Wednesday, January 24, 2007

"Let not the man who is beast or who thinks he is God come near me"

posted by k

Is there a War on Terror?

Sir Ken Madonald, Director of Public Prosecutions, thinks not and has called for "a culture of legislative restraint". He is concerned with saving "fair trials", "human rights", the "consensual rule of law" and "fundamental values".

Meanwhile, George W. Bush, in his State of the Union address, has widened the scope of the current war, in which the whole world is already implicated. He said:

"
Every success against the terrorists is a reminder of the shoreless ambitions of this enemy. The evil that inspired and rejoiced in Nine-Eleven is still at work in the world. And so long as that is the case, America is still a nation at war."

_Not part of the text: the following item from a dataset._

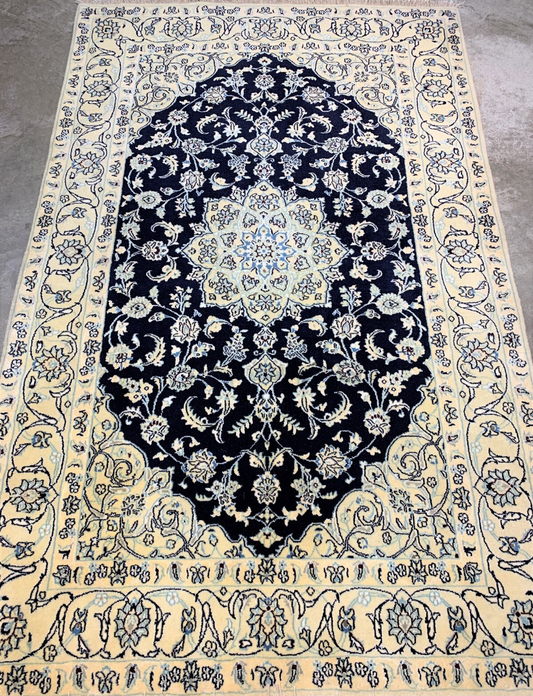 4'2" x 6'8'' Very-Fine Naine Hand-Knotted Wool / Silk Naine Area Rug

So it's not terror we're fighting now, nor terrorist actions. We're fighting Evil. Bush's enemies are defined by the effect they have on others and even their thoughts.
Inspiring or rejoicing at evil actions makes you an enemy of the United States. Complexity has been abolished in Bush's world-view. It's good versus evil, light versus darkness, us versus them.

The House of Commons debates the Iraq war this afternoon. Tony Blair, the Prime Minister won't be there. He has more important things to do. He's meeting businessmen.

The war in Iraq is one part of a wider picture defined by the President of the United States. The War on Terror - or the War on Evil - is limiting the way we see the world. In Britain and internationally, it's undermining the idea of a consensual law that protects all equally.

MPs need to look at a picture that's even wider than Iraq and the horrors there. They need to choose between the restraint advocated by the Director of Public Prosecutions and Bush's division of the world into goodies and baddies.

President Bush claims he's defending liberty. I recall Manon Roland's words, "Oh, Liberty! What crimes are committed in thy name."